> [EXTRACTED MATERIAL]:
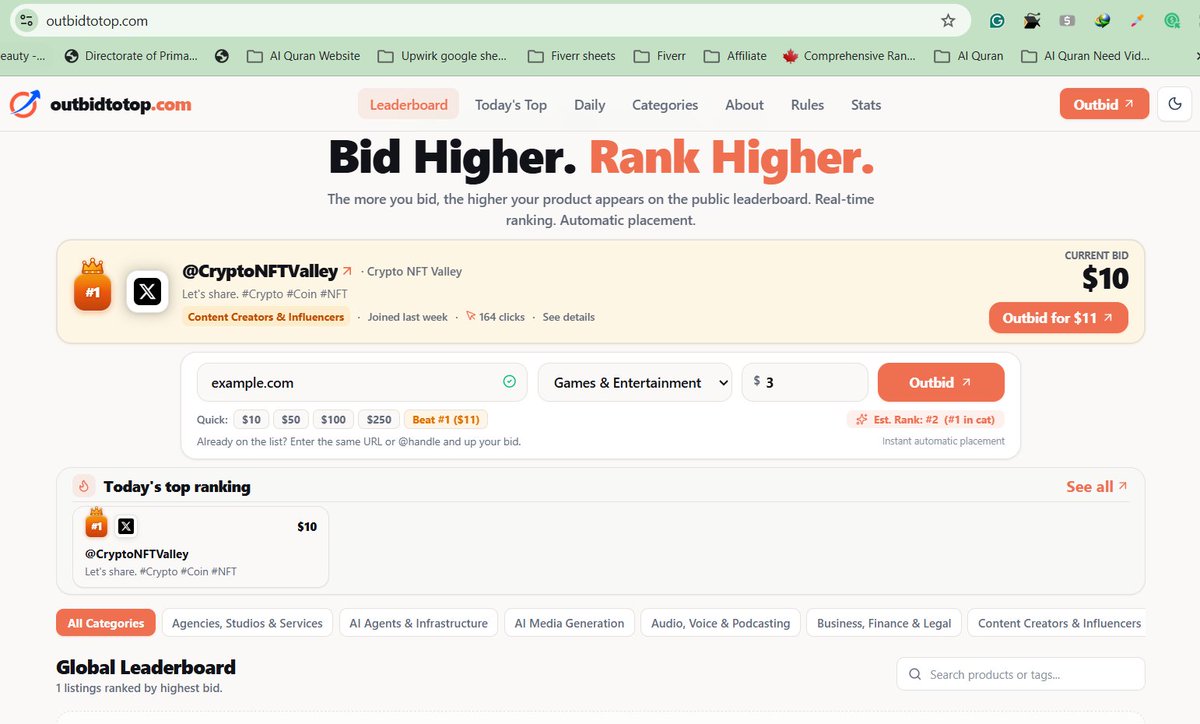 MehediRaihan66's tweet photo. π OutbidToTop is live:
https://t.co/vpA0GbHd9I
Want to be seen?
Outbid your way to #1. π
π Letβs see who takes the top spot. π
#BuildInPublic #IndieHackers #SaaS #Startup #ProductLaunch #OutbidToTop #outbid https://t.co/7KGAaaDv9s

> [ABOUT THIS TASK]:
Scan the preceding records for lines with the word "https". Say how many there are and nothing else.

> [EXERCISE SOLUTION]:
2